The letter, also signed by the American Society of Newspaper Editors, the Associated Press Managing Editors and the White House News Photographers Association, adds that "journalists are routinely being denied the right to photograph or videotape the President while he is performing his official duties." The letter provides a list of recent newsworthy events where photographers were restricted, including a meeting with members of the Congressional Hispanic Caucus, a presidential meeting with Israeli and Palestinian negotiators, and the First Family's meeting with Malala Yousafzai. The coalition also includes individual outlets, such as ABC News, Fox News Channel, The New York Times.
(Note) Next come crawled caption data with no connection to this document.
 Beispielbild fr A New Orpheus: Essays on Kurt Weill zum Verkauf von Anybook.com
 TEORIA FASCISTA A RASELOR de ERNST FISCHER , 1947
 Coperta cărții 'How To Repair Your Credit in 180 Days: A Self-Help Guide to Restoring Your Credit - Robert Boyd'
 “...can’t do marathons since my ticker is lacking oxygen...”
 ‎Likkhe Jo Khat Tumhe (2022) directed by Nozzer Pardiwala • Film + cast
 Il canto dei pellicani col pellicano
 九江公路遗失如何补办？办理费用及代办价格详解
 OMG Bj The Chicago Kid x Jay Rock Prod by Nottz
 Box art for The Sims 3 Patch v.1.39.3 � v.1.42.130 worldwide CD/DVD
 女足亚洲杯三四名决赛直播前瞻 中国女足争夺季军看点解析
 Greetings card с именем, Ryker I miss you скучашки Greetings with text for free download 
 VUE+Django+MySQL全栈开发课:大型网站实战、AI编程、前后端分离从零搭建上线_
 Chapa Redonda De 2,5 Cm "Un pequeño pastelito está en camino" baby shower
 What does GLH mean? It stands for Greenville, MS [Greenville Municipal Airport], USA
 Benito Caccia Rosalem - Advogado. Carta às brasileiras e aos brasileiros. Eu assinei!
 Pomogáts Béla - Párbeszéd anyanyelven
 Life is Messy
The protest is just the latest in a series for White House correspondents critical of how the administration handles the media. In August, the press at a daily briefing got into a spat with Deputy Press Secretary Josh Earnest, who made the mistake of slamming the use of anonymous quotes in articles on White House policy. The journalists in the room noted that the administration routinely gives official statements to the press via unnamed "Senior Administration Officials."
Of course, those journalists involved in the daily coverage of the White House have something of a symbiotic relationship with the administration, making some of these criticisms fall flat. They all want access and it's never doled out in equal measure. But there's a bit of a difference between a reporter working with a series of semi-official anonymous quotes to build a case, and a photographer trying to work around a lack of access. The reporter can construct a piece from what's available, noting omissions as needed. A photographer cannot frame and depict a scene without being allowed in the room.
According to the National Journal, today's letter came complete with its own dramatic, confrontational scene between reporters and administration officials in charge of controlling the president's image. New York Times photographer Doug Mills told Press Secretary Jay Carney in October that the administration was "just like Tass," a reference to a state-owned Russian media outlet.